GIVEN MATERIAL:
____

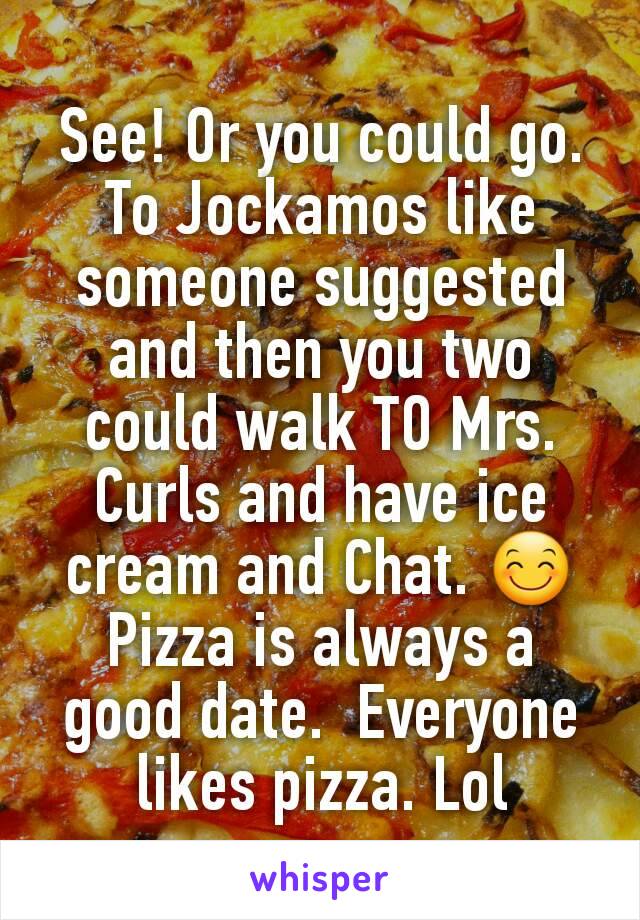 See! Or you could go. To Jockamos like someone suggested and then you two could walk TO Mrs. Curls and have ice cream and Chat. 😊
Pizza is always a good date.  Everyone likes pizza. Lol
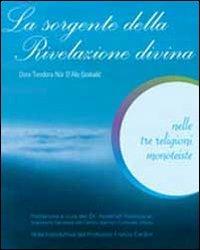 La sorgente della rivelazione divina nelle tre religioni monoteiste - Dora D'Alò - copertina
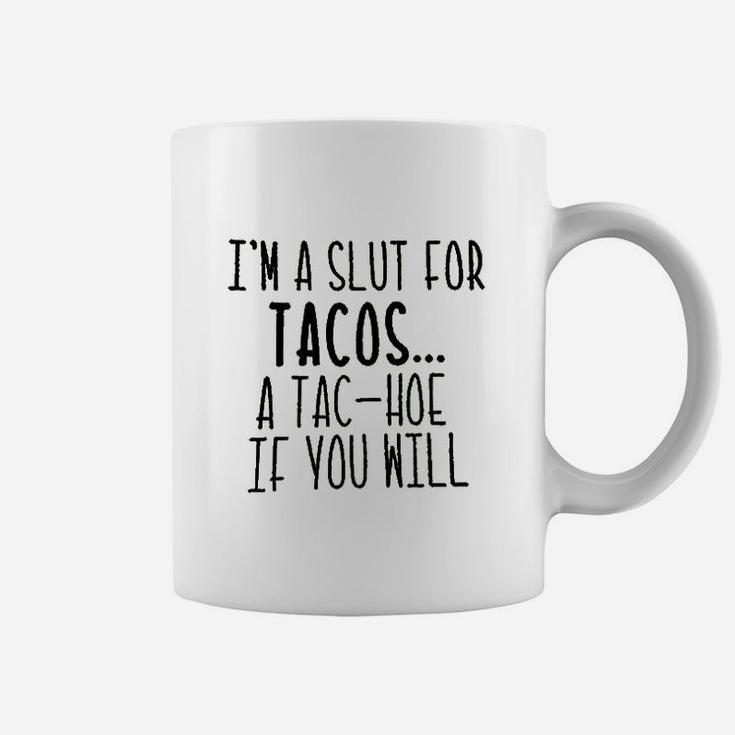 Im A For Tacos Coffee Mug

____

PROBLEM STATEMENT:
Pictures stay out of this copy. Retype exactly the lines from the one with "La sorgente della" through the last line of the data, both ends included, and nothing more.

FINISHED TASK:
 La sorgente della rivelazione divina nelle tre religioni monoteiste - Dora D'Alò - copertina
 Im A For Tacos Coffee Mug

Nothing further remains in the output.